On Sunday, Indigenous leaders, activists, and their allies gathered along the banks of Bassin de la Villette, Paris’s largest man-made lake, as 25 Indigenous activists from North and South America formed a canoe flotilla on the lake. Renowned Indigenous North American climate activists from the Ponca Nation in Oklahoma to the Tla’Amin First Nation from British Columbia to Lummi Nation youth from Washington State, among others, participated in the event.
The purpose of the flotilla was to call upon the world’s governments to include the rights of Indigenous people in the text of the UN climate summit’s international deal, which is expected to be finalized in the coming days, and to highlight the relationship between people and water. The inclusion of the rights of Indigenous peoples in the legally binding portion of the agreement is a contentious issue at the climate talks. Several countries — including the United States, Norway, and Australia — have worked to eliminate Indigenous rights from the binding parts of the agreement, and include them only in the “aspirational” preamble. So far, they have succeeded — the latest version of the agreement, released on December 9, references Indigenous rights only in the non-binding introduction.
“It’s key that we are here as Indigenous peoples because we are the frontline communities,” said Dallas Goldtooth of Indigenous Rising, which works to defend Indigenous rights. “Our communities are the first ones to feel the affects of climate change.”

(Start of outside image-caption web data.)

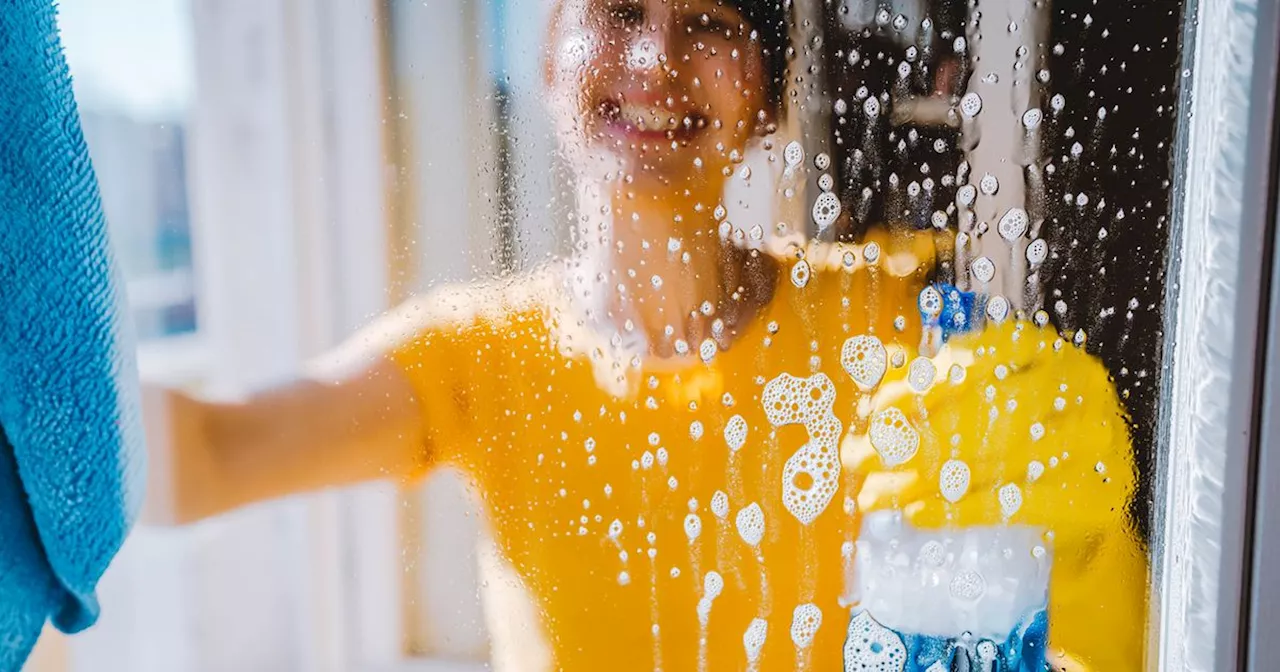 Keine Streifen: Einfaches Hausmittel macht die Dusche blitzblank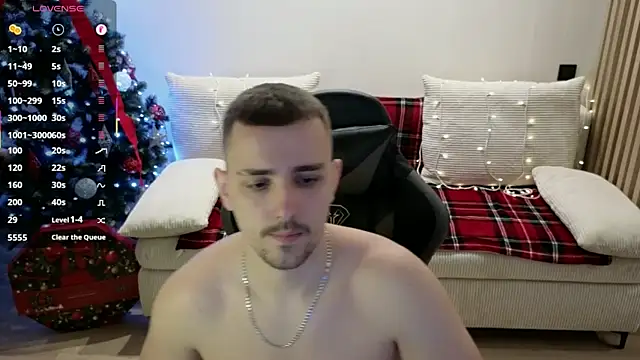 Larstar01 online show from 12/04/25, 11:48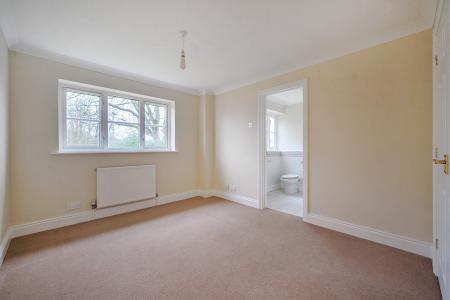 5 bedroom Detached house for sale in The Limes, Basingstoke, RG22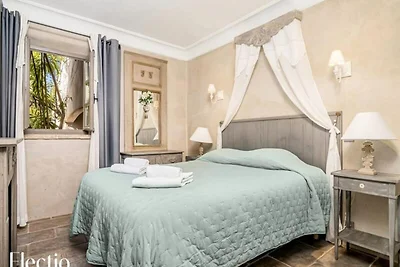 Wohnung in Oppéde mit beheiztem Pool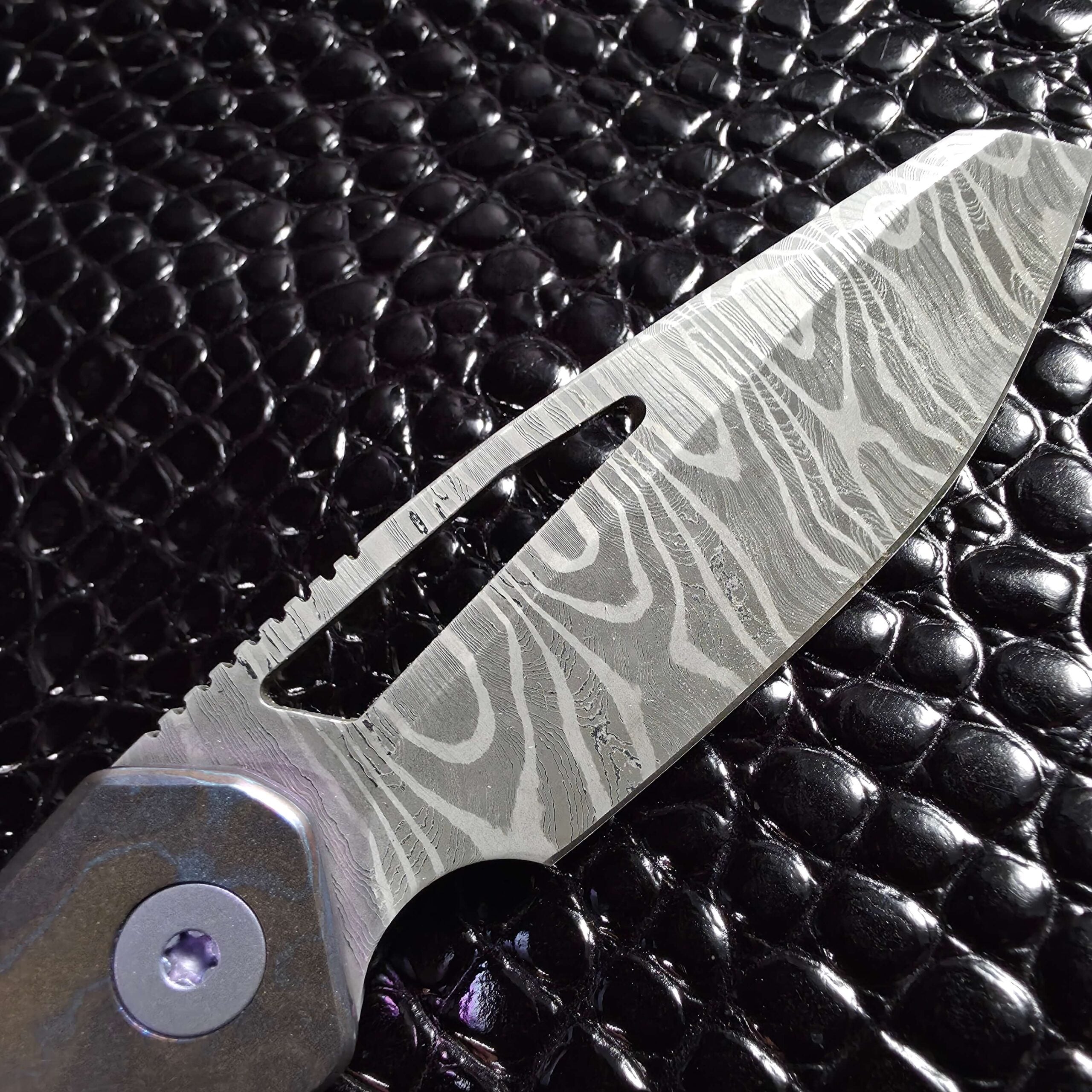 Mike Norris Fireclone 2 damascus pattern on the Keanison Bloodhound blade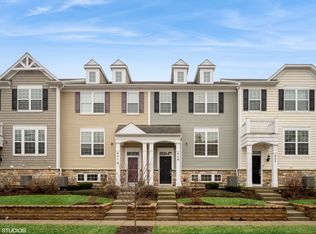 829 E Hamlin Ln, Arlington Heights, IL 60004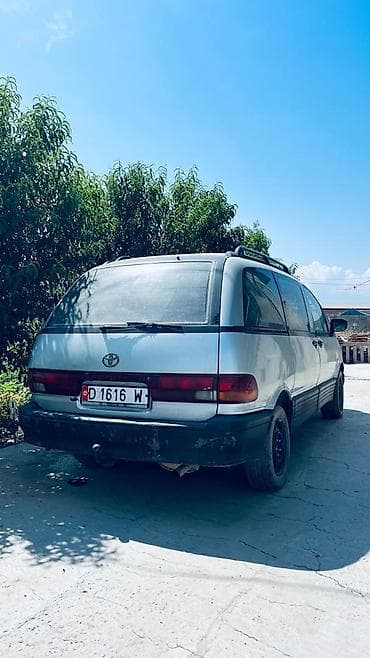 260: Toyota Previa: 1992 г., 2.5 л, Механика, Газ, Минивэн — 5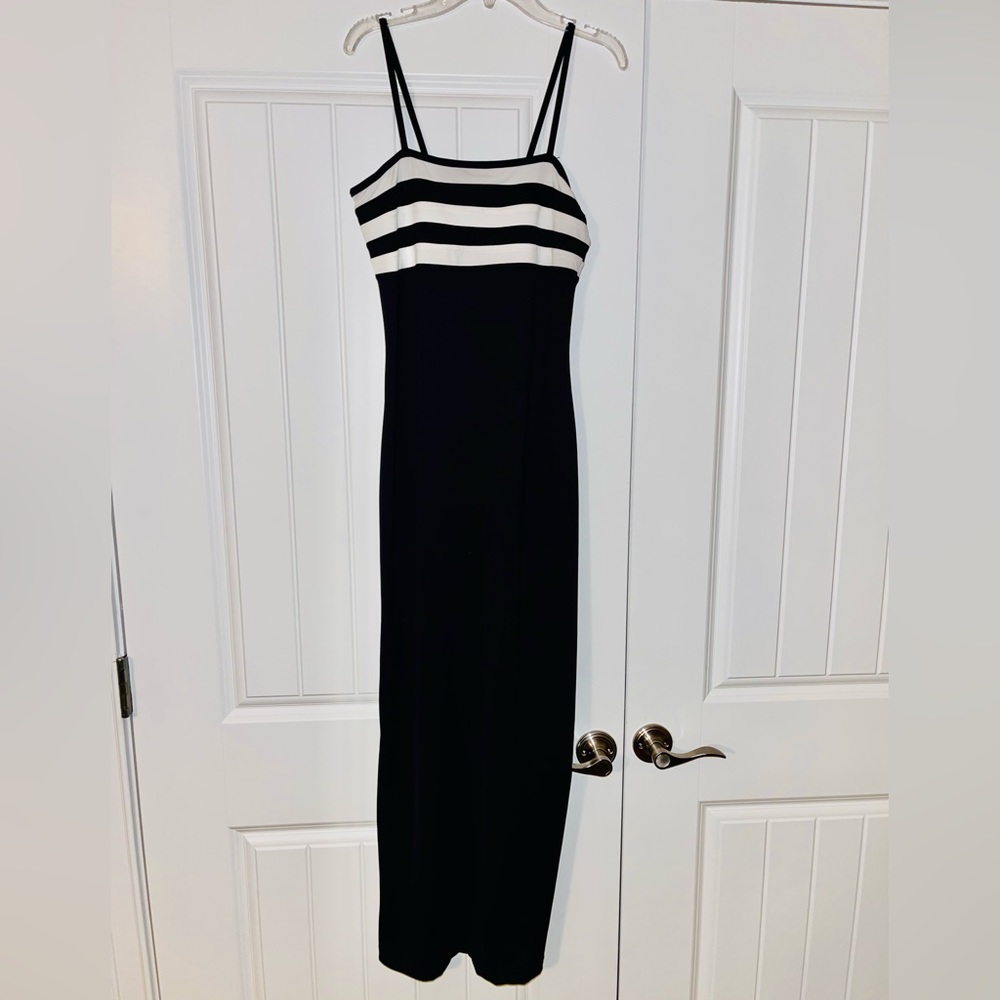 Like NEW! Newport News size 6 black formal dress, length- just above the ankle
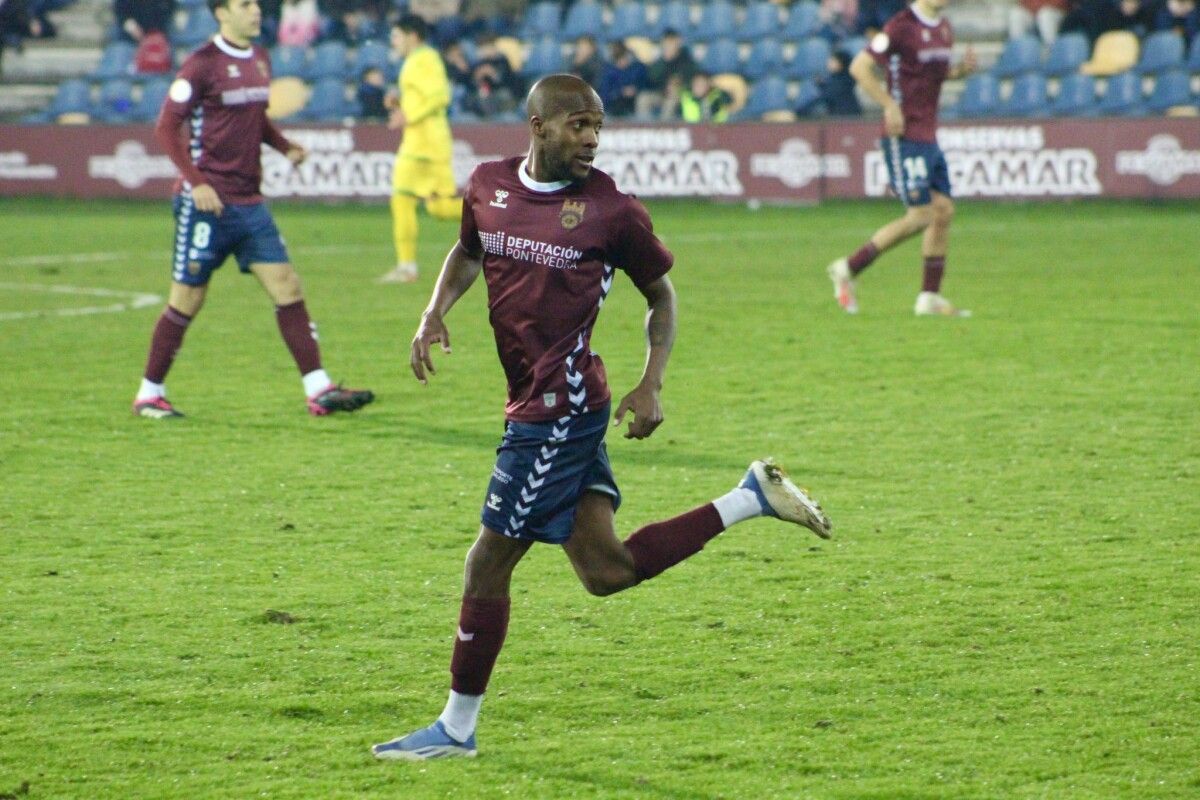 Marcos Barbeiro en el partido contra el Fabril, su debut en el Pontevedra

Speaking at the event, he continued, “Our communities are impacted and our traditional ways of life are at risk of being destroyed and even up until yesterday, governments of the world refused to let the rights of Indigenous peoples to be put into the Paris agreement. That is not acceptable, the rights of Indigenous peoples must be respected and acknowledged in a legally binding text of the Paris agreement. That is non-negotiable.”